Pinneberg

Leserbriefe an die Redaktion

Hoffen auf schnelle Einsicht

"Zu viel Abgase an unseren Straßen"

"Pinneberg muss Luftreinhalteplan erarbeiten. Grenzwert für Stickstoffdioxid wird am Damm dauerhaft überschritten"

Hamburger Abendblatt 19. Mai

Da kann man sich nur wundern! Der Grenzwert für Stickstoffdioxid wird am Pinneberger Damm überschritten - und das Jahr für Jahr - und Manfred Stache, Mitglied der Pinneberger Grünen/Unabhängigen, Umweltausschussvorsitzender in der Ratsversammlung und mit einer der obersten Westumgehungsverhinderer meldet sich zu Wort und meint, der Bau der Westumgehung würde nicht für Abhilfe beziehungsweise Senkung der Werte sorgen. Weiter führt er aus, eine schnelle Lösung würde es nicht geben.

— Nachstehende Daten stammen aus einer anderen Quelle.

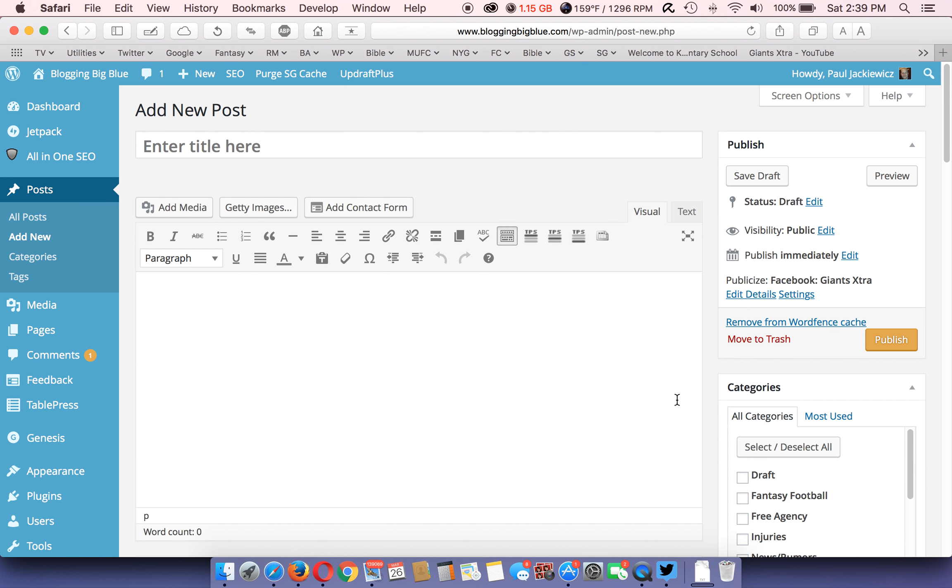That's pretty much it. Once you're done, you click publish and then your post is going to publish right on your site.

Wie auch? Seit Jahren treiben die Pinneberger Grünen den Protest gegen die Westumgehung voran, haben sich inzwischen sogar den Anwalt Mecklenburg ins Boot geholt, der nun klagen will. Das könnte den Bau der dringend benötigten Straße verzögern und im schlimmsten Fall verhindern und so einer schnellen Lösung wirklich im Wege stehen.

Wo bleibt bei Herrn Stache und seinen Mitstreitern der grüne Gedanke? Und das Gewissen? Haben nicht alle Bürger ein Recht auf saubere Luft und auf eine gleichmäßige Verteilung des Verkehrs im gesamten Stadtgebiet? Hier muss schnell Abhilfe geschaffen werden, zum Schutz der am Damm lebenden Anwohner. Hier sind nicht nur Familien mit Kindern betroffen, die dort wohnen, sondern auch unzählige Schülerinnen und Schüler, für die der Damm ihr täglicher Schulweg ist.

Ich hoffe auf schnelle Einsicht der Pinneberger Grünen und des Herrn Mecklenburg.

Kerstin Seyfert, Pinneberg

Nichts aus der DDR gelernt

"Mode und Musik statt Marx. "

"Vor 30 Jahren war das Jugendzentrum Barmstedt Hochburg der linken Szene. Heute ist Politik dort ein Schimpfwort."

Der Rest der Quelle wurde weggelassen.